O plano de ação irá interligar várias políticas europeias e, segundo a Comissão, irá dar ênfase a ferramentas tecnológicas e digitais que permitam limitar a poluição na fonte e mitigar e resolver sempre que isso não for possível. A partir da adoção do Plano de Ação Poluição Zero prevê-se uma revisão consistente da legislação relevante para se adequar às novas metas. O primeiro relatório sobre o objetivo poluição zero deverá ser publicado em 2022. Será um instrumento abrangente que irá indicar soluções para mudar regulamentações, e criar as melhores práticas para cortar depressa na poluição. E este será o tema principal da Semana Verde Europeia deste ano, de 31 de maio a 4 de junho.

Metas para 2030

Mas antes de chegar a 2050, há um conjunto de objetivos definidos para 2030 para travar a poluição. Em primeiro lugar, o objetivo é reduzir em 55% o número de mortes prematuras causadas pela poluição do ar. Outro objetivo é melhorar a qualidade das águas reduzindo o lixo e o plástico que chega aos rios e mares em 50% e reduzir a produção de microplásticos em 30%. Melhorar a qualidade dos solos limitando a perda de nutrientes e o uso de pesticidas em 50%. Reduzir para um quarto (25%) o número de ecossistemas nos quais a poluição do ar ameaça a biodiversidade. 

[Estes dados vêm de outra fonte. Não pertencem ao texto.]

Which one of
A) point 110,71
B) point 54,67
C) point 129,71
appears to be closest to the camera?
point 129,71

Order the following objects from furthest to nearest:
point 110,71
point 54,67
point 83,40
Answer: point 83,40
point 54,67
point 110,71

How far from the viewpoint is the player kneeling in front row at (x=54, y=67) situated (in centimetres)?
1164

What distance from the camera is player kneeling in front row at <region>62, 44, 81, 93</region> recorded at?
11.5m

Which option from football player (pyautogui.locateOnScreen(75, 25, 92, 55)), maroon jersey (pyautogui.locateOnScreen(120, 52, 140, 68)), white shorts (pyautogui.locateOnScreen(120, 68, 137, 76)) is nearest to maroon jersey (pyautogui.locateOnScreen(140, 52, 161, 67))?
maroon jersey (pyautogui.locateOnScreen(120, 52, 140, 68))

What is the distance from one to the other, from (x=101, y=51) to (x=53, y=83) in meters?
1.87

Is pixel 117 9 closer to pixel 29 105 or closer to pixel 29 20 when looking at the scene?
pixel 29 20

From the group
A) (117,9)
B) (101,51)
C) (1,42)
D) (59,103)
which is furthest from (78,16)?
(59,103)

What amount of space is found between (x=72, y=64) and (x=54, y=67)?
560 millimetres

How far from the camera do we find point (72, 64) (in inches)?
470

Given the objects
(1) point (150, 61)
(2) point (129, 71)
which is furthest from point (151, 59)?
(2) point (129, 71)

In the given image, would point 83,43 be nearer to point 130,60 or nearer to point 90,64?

Outro dos objetivos é nos próximos oito anos reduzir para metade o lixo produzido pelos municípios. E passar para 30%, no máximo, o número de pessoas afetadas pelo barulho dos transportes. Este é um passo para que, um dia, como disse o comissário do Ambiente e das Pescas, Virginijus Sinkevičius, "as doenças do sono provocadas pelo ruído se tornem uma coisa do passado".

Legislação revista

A proposta da Comissão é de alinhar os standards de qualidade do ar com as novas recomendações publicadas pela Organização Mundial de Saúde. E criar em conjunto com os Estados-membros um programa nacional de controle de poluição para garantir que os Compromissos de Redução de Emissões sejam cumpridos. A legislação sobre a água irá igualmente ser passada a pente fino. A diretiva do tratamento de águas residuais será revista em 2022 para reduzir a emissão de nutrientes, microplásticos e partículas de químicos farmacêuticos para os caudais de água. A lista de substância problemáticas em termos de poluição aquática será revista tendo em conta novos dados científicos. A Comissão propõe-se ainda rever, e quando relevante, modernizar leis da água, e, eventualmente, rever os parâmetros da diretiva de águas balneares.

Chegar a poluição zero em 2050, reconhece a Comissão, não se fará sem grande investimento em inovação e desenvolvimento. Tal como acontece com chegar a emissões zero de gases com efeito de estufa no mesmo ano de 2050. Neste momento, com as tecnologias e o conhecimento existentes estas metas não seriam alcançáveis. As parceiras ao abrigo do programa Horizon, incluindo as missões sobre oceanos saudáveis, saúde dos solos e alimentação e cidades com zero emissões, irão contribuir para alcançar o objetivo.

Igualmente, soluções usando dados e sensores inteligentes e sistemas apoiados no 5G irão ajudar a monitorizar dispêndios de recursos, reduzindo emissões de poluentes. A chamada mobilidade inteligente ou a agricultura de precisão são também vistas como importantes. A Comissão vai lançar um debate com o setor privado de foram a encorajar o desenvolvimento de iniciativas relacionadas com a iniciativa zero poluição, os chamados "Living Labs". E vão ser lançados igualmente centros de conhecimento para poluição zero, de forma a juntar todos os parceiros que queiram contribuir para este objetivo.

A Comissão compromete-se ainda a reduzir a sua pegada poluidora, restringindo o transporte para países terceiros de produtos e lixos com impacto tóxico ou prejudicial.